─── Data under study

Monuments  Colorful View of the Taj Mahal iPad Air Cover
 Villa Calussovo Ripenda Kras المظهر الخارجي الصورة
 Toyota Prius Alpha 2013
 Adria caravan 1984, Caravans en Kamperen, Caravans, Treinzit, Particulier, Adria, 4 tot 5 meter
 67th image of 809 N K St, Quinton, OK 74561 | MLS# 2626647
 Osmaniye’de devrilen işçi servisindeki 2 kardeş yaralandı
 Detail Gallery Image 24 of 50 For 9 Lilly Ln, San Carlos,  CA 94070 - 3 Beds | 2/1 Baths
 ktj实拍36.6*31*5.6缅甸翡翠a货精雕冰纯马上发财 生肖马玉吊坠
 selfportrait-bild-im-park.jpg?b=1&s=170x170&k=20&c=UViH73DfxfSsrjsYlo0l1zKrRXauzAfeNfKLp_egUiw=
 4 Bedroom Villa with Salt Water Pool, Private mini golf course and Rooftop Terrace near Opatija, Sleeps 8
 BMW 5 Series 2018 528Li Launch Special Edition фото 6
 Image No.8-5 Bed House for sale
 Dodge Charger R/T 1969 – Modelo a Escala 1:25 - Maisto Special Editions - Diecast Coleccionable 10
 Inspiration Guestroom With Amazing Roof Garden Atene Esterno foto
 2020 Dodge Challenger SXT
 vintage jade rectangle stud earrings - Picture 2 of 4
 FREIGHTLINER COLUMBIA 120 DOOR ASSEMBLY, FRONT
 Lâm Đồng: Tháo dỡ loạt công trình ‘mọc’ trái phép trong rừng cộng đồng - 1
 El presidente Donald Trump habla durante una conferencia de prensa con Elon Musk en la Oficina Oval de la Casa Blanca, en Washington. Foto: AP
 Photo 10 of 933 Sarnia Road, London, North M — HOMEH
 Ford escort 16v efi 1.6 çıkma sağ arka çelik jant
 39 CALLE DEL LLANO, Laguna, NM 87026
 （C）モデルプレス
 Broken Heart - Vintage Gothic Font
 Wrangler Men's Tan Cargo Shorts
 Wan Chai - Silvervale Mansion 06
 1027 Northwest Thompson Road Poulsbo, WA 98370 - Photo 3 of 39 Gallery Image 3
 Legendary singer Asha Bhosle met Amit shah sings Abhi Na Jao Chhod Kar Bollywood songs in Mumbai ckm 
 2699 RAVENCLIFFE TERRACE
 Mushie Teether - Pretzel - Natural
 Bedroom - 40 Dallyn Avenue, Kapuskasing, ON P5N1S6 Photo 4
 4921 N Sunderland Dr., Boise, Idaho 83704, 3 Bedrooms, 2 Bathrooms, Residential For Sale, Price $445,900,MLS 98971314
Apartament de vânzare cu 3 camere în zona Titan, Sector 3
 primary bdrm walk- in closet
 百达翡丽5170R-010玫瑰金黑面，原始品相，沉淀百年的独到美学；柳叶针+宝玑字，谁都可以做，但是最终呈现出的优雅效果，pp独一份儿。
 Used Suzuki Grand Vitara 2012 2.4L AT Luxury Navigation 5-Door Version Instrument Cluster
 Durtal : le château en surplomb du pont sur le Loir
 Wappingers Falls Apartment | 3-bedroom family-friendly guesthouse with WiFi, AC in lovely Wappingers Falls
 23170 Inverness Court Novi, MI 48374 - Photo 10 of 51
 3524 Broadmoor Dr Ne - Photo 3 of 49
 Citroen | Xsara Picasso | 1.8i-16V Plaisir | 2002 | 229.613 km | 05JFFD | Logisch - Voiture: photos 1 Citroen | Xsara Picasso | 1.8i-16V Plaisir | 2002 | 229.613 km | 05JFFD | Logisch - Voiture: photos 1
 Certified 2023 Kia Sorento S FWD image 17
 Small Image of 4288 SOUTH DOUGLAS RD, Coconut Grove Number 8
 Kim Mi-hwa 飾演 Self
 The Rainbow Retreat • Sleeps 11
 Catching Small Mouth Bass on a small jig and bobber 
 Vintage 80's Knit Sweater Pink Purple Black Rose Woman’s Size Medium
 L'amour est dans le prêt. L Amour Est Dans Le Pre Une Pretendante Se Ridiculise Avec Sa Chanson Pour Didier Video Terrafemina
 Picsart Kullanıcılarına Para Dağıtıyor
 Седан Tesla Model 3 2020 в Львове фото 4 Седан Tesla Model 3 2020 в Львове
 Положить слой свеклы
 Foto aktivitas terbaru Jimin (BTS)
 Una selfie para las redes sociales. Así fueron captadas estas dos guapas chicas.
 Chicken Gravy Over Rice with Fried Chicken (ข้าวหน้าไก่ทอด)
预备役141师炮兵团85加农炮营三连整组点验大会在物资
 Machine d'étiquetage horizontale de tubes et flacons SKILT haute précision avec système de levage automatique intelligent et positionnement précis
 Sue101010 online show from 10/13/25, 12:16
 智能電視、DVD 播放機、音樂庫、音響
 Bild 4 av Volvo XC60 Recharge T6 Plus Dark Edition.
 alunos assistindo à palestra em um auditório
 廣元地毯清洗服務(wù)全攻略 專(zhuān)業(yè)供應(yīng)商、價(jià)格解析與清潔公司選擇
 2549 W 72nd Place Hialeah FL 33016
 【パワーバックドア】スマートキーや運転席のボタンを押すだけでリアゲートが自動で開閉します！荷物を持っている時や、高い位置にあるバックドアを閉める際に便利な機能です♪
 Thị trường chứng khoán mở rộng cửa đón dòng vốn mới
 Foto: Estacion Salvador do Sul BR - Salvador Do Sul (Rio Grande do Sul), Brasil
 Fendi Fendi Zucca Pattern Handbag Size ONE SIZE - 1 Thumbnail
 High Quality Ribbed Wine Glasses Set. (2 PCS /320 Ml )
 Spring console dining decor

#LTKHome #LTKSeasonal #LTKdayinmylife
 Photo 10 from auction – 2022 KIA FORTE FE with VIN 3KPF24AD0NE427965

──────

*What you have to do*:
Your task is to return each line of the data above that contains the string "Small".

*Exercise answer*:
 Small Image of 4288 SOUTH DOUGLAS RD, Coconut Grove Number 8
 Catching Small Mouth Bass on a small jig and bobber 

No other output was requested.